As he attempts to quell the controversy over his recent comments about the alleged dependency habits of nearly half of all Americans, Mitt Romney may have a bigger challenge ahead: inspiring social conservatives to vote for him. Ever since he entered the presidential sweepstakes, a segment of social conservatives have been hesitant to support him.
Though they welcome converts to their cause, the sincerity of Romney’s evolution, from social liberalism to traditionalism, is still questioned. While many believe he has earned their trust, others haven’t been persuaded—at least not yet–and their apprehensions were heightened by a string of recent events.
First, in an interview with CBS news, shortly before the GOP convention, Romney declared: “My position has been clear throughout this campaign. I’m in favor of abortion being legal in the case of rape and incest and the health and life of the mother.”
As is well-known, a “health” exception for abortion can be so broadly defined as to allow for virtually any kind of abortion. (In fact, Roe v. Wade and its companion case Doe v. Bolton made this clear).
A spokesman for the Romney campaign quickly tried to recover: “Gov. Romney’s position is clear: he opposes abortion except for cases of rape, incest and where the life of the mother is threatened.”
The “health” exception was dropped, but a number of pro-lifers weren’t altogether impressed. Catholic Culture’s Phil Lawler said of Romney:
“His campaign now says that his latest gaffe-a virtual acceptance of the Roe decision—was a misstatement of his real beliefs. But it’s the sort of misstatement that could only be made by someone who has not devoted enough attention to the issue to recognize the pitfalls in the language.”
There was more to the CBS interview:
“Romney, however, told [reporter Scott] Pelley that the issue amounts to a distraction. ‘Recognize this is the decision that will be made by the Supreme Court. The Democrats try and make this a political issue every four years, but this is a matter in the courts.
It’s been settled for some time in the courts.’” To which Lawler replied:
“The issue is settled, he says. Does that statement fill you with confidence that Romney would seize an opportunity to press the offensive against abortion? Does the GOP candidate sound anxious to appoint federal judges who would be likely to re-open a question that has already been settled?”

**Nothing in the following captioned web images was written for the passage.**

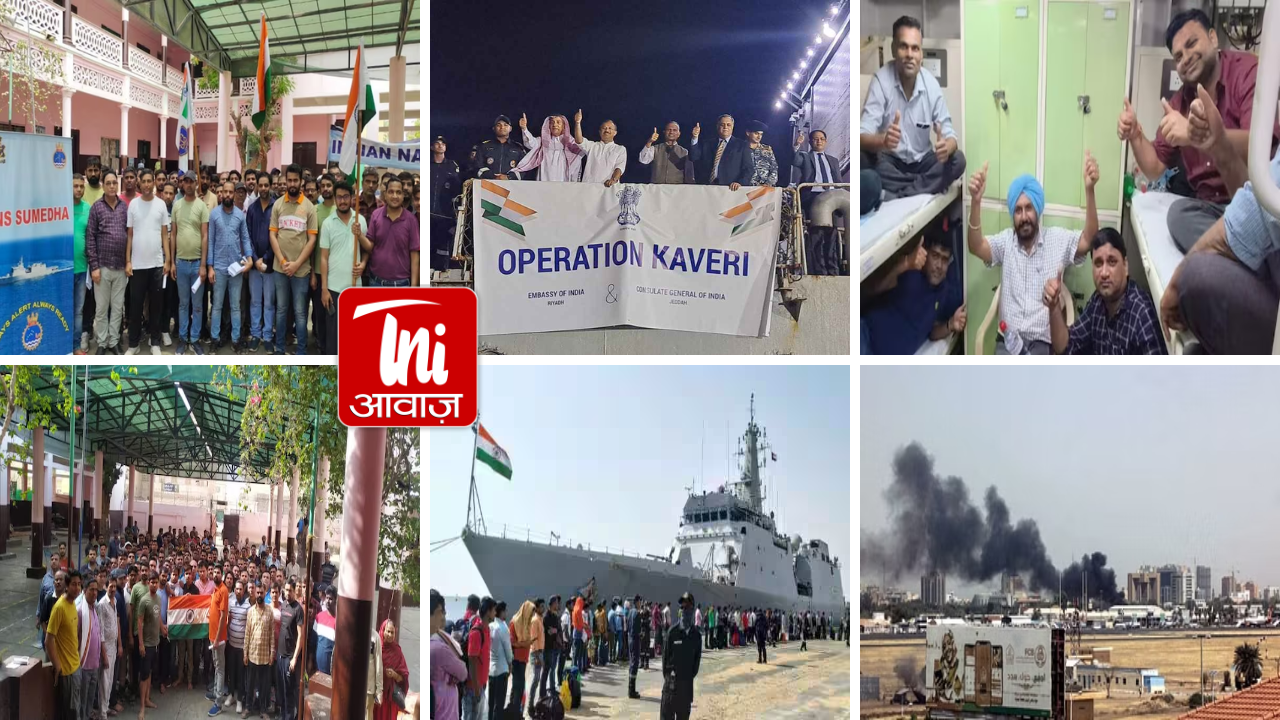 Operation Kavery: भारतीय वायु सेना के दो परिवहन विमानों के जरिये सूडान से 530 भारतीयों को सुरक्षित निकाला गया, सेना का रेस्क्यू लागातार जारी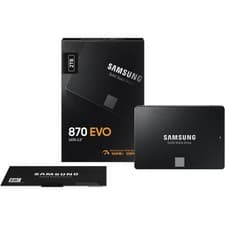Image of Samsung 870 EVO 2TB 2.5 Inch SATA III SSD Solid State Drive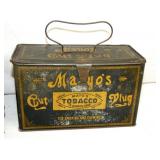 EARLY MAYO TOBACCO TIN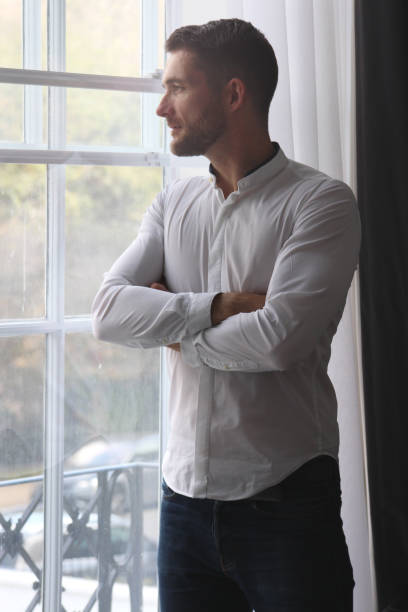istock Staring out of window 943101356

As if to underscore Lawler’s concern, Romney then delivered his convention acceptance speech, which—while well-received in some quarters–gave limited attention to social issues:
“As President, I will protect the sanctity of life. I will honor the institution of marriage. And I will guarantee America’s first liberty: the freedom of religion.”
Excellent—especially in contrast to an Administration which glaringly dishonors all three—but don’t the gravity of these issues merit more than a mere three lines?
Governor Romney had an opportunity to expand upon his moral and cultural vision for America at the recent Values Voter Summit, but chose not to attend personally. Instead, he sent a taped message in which he again pledged to “uphold the sanctity of life, “defend marriage, not try to redefine it,” and “preserve the American spirit of one nation under God.”
But, as soon as one thought he might develop those themes—which would have been natural for a values summit—Romney immediately switched back to his seemingly favorite topic, economics. (Watch his video address here.)
In a Los Angeles Times piece about Romney’s message to the values Summit, Tony Perkins, the head of the Family Research Council, said that he felt Romney was gaining traction among social conservatives, despite his rocky relationship with them. Then came this revealing comment: “Perkins said the enthusiasm among social conservatives was building, which he attributed more to Obama administration policies than to Romney.” (Emphasis added).
If this election turns out to be close, Governor Romney is going to need every traditionalist vote he can to win. He can’t just expect to back into the Presidency, or assume enough people will support him because he is a successful businessman, or because he isn’t Barack Obama. Romney needs to attract conservative-minded independents and Democrats with more developed and inspiring talks about their deepest held convictions, even as he outlines and highlights his economic plans for a struggling America.
In fairness to Governor Romney, and as Hugh Hewitt shows in his admirable biography of him, the Governor can be much more than a one-dimensional “money man,” and can, in fact, speak eloquently about innocent human life and the social issues– at length and in-depth– when he chooses to. That candidate, however, hasn’t been seen much lately. The question is, when will that Mitt Romney show up in the campaign, and if he does, will it be in time to make a difference?